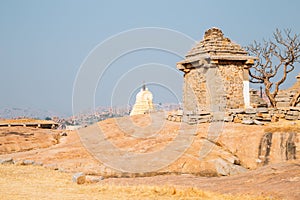 Hemakuta Hill Temple ancient ruins in Hampi, India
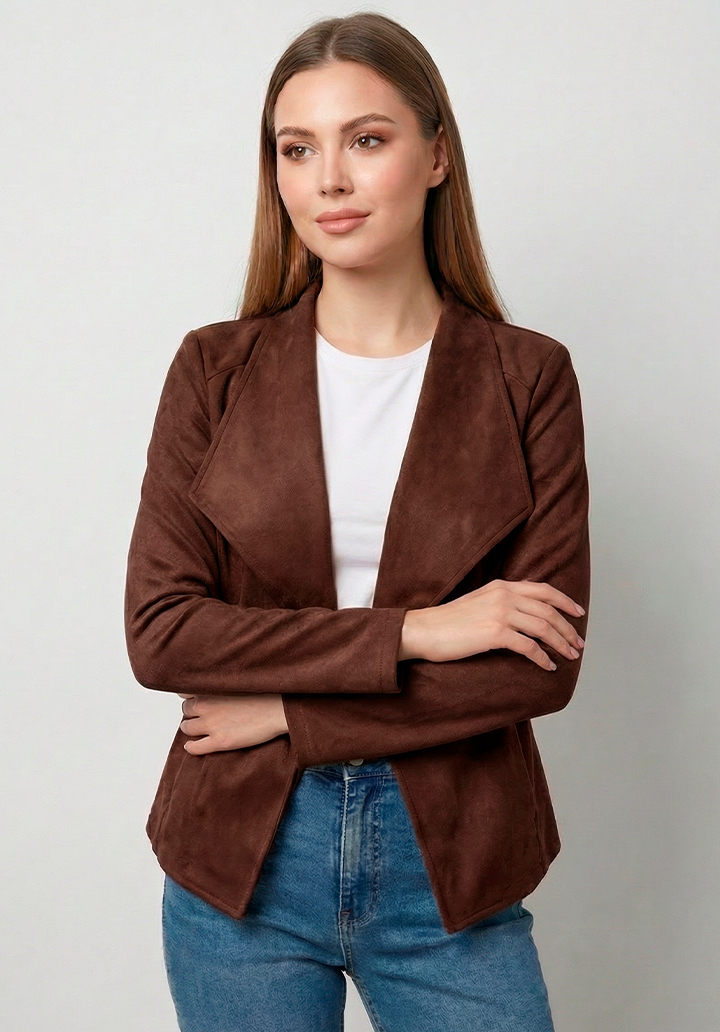Kadın Uzun Kollu Önü Açık Yakalı Süet Ceket - 5
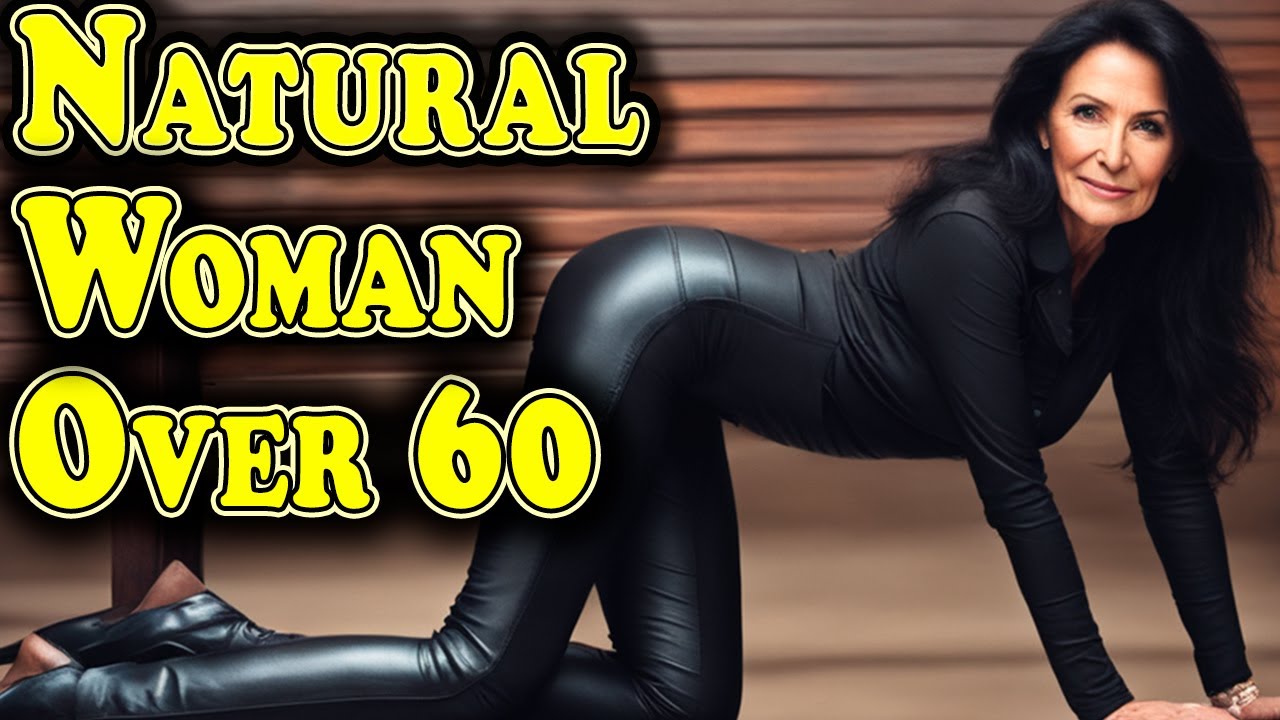 Natural Old Woman Over 60 ! Stunning Leather Leggings For Older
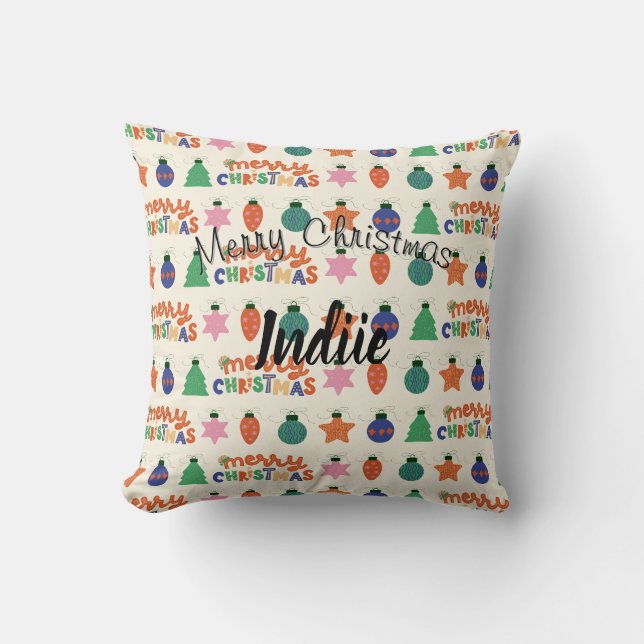 Cojín decorativo navideño de Feliz Personalizado (Anverso)
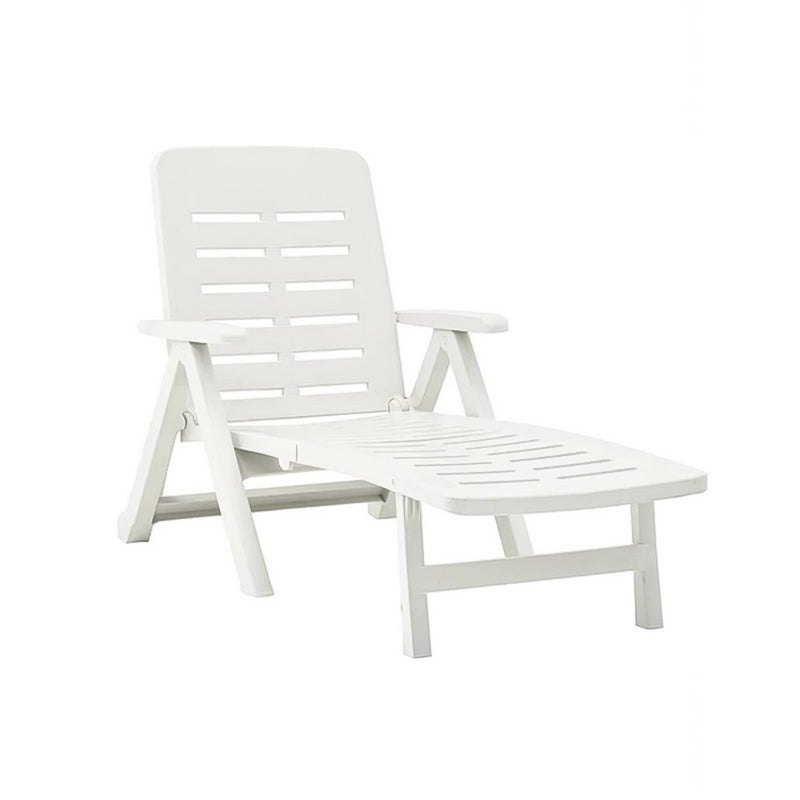 Lettino prendisole in resina con schienale reclinabile per piscina e giardino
+--
## What this task involves
Please transcribe word for word the lines from the one bearing "Kadın Uzun Kollu" through the last line of the records above, omitting the pictures.

## Task solution
Kadın Uzun Kollu Önü Açık Yakalı Süet Ceket - 5
 Natural Old Woman Over 60 ! Stunning Leather Leggings For Older
 Cojín decorativo navideño de Feliz Personalizado (Anverso)
 Lettino prendisole in resina con schienale reclinabile per piscina e giardino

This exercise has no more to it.